When I had read through it the first time, I was in 8th grade and had very little literary understanding– I just liked the analogies and the pretty pictures. The second time, I was a little older, somewhere in the middle of my freshman year. I remember around that time of year being especially boring for me– not having a lot of emotional conflict to sift through– so I couldn’t relate with the book: I do know I understood it better. When reading the book for about the third time earlier this year, I changed my outlook from enjoying the writing to wanting to understand it better. And I did.
Something I didn’t notice before I opened myself up to analysis was the carefully selected word choice. Poetry is all about feeling. If the author wants to make you sad, they’ll make you sad. If they want you to feel unconditional love, you bet you’ll feel unconditional love. If they want you to feel a seething, uncontrollable anger, you’ll want to punch a hole through a wall or into someone’s face. A poet’s skill is to find the exact right combination of words that, if put any other way would lose its meaning.
One example of Kaur’s canny wordsmanship would be on page 160, in “the healing” chapter. It goes like this: “it takes grace/ to remain kind/ in cruel situations.” This in itself is nothing special– the causal message is to “kill them with kindness.” It is one of the themes in the book and there are several other poems that inherently say the same thing.
What makes this one stand out are only two words. “Grace” and “cruel.” Synonyms for grace include compassion, goodness and love. Why not use any of these words? The definition of grace is “implies a benign attitude and a willingness to grant favors or make concessions” according to Merriam-Webster. Using “grace” is an active choice. It is not something that is morally right, like giving compassion or acting in goodness would be. It is a distinctive decision to do the right thing in light of something cruel. The same goes for that word too– the definition of cruel is to “willfully cause pain and suffering.” The line wouldn’t have the same impact if it said “…to remain kind/ in bitter situations.” Bitter implies that the conditions are induced because of what has happened in the past. “…to remain kind/ in ruthless situations” doesn’t work either because the definition of ruthless is to have “no pity or compassion for others.” Using “grace” and “cruel” gives more meaning to the poem because it tells the reader that the situation is not happening because of a bad environment, or because of societal pressures– it’s directly human error, it is choices being made.
Another theme in the book is femininity. The beginning of the book painfully depicts how the author was sexually abused by an uncle and grew to be silenced and left alone by her father. In “the hurting” chapter, Kaur writes “when my mother opens her mouth…/my father shoves the word hush/ between her lips…/ this is how the women in my family/ learned to live with their mouths closed” and “you were so afraid/ of my voice/ i decided to be/ afraid of it too.” Both are examples of the pain and barriers that Kaur was exposed to at a young age.

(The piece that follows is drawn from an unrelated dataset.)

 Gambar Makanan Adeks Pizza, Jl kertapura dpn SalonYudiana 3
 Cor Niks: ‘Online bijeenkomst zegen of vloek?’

Reading this book helped develop my feelings around femininity as a concept. Femininity is not just a certain look or the way someone acts, it’s being supported and supporting the women around you. Femininity is finding strength when you don’t think you can, it is growing in the face of adversity and it is sticking up for others when they can’t stick up for themselves.
In “the healing” chapter, it shows the growth of her voice, confidence and proof of learning when she said “how you love yourself is/ how you teach others/ to love you” and “we all move forward when/ we recognize how resilient/ and striking the women/ around us are.” In between, the chapters of “the loving–” which gave us the first look into building self-love before we can truly appreciate the love of others– and “the breaking–” which told us that no matter how hard others are putting us down, especially when taking women for granted and treating them like no more than playthings, it is ok to feel hurt and it doesn’t make us weak. The progression of the hills she had to climb to be able to eventually change her mindset from living with her mouth closed to total personal development and sisterhood proves that no matter the challenge, being inherently strong is such a powerful feminine trait.
Reading this book gave me comfort that healing means being vulnerable and femininity is more than being delicate and soft, it is being supported and loved by my sisters and finding inner peace with myself. Reading this book gave me the ok to let go– of the things in the past I’m still holding onto, of the fears of being myself and the weakness of doing it all by myself. Reading this gave me hope for a future full of love and a rollercoaster of lessons that I can’t learn unless I experience them myself. Reading this makes me ecstatic for my journey.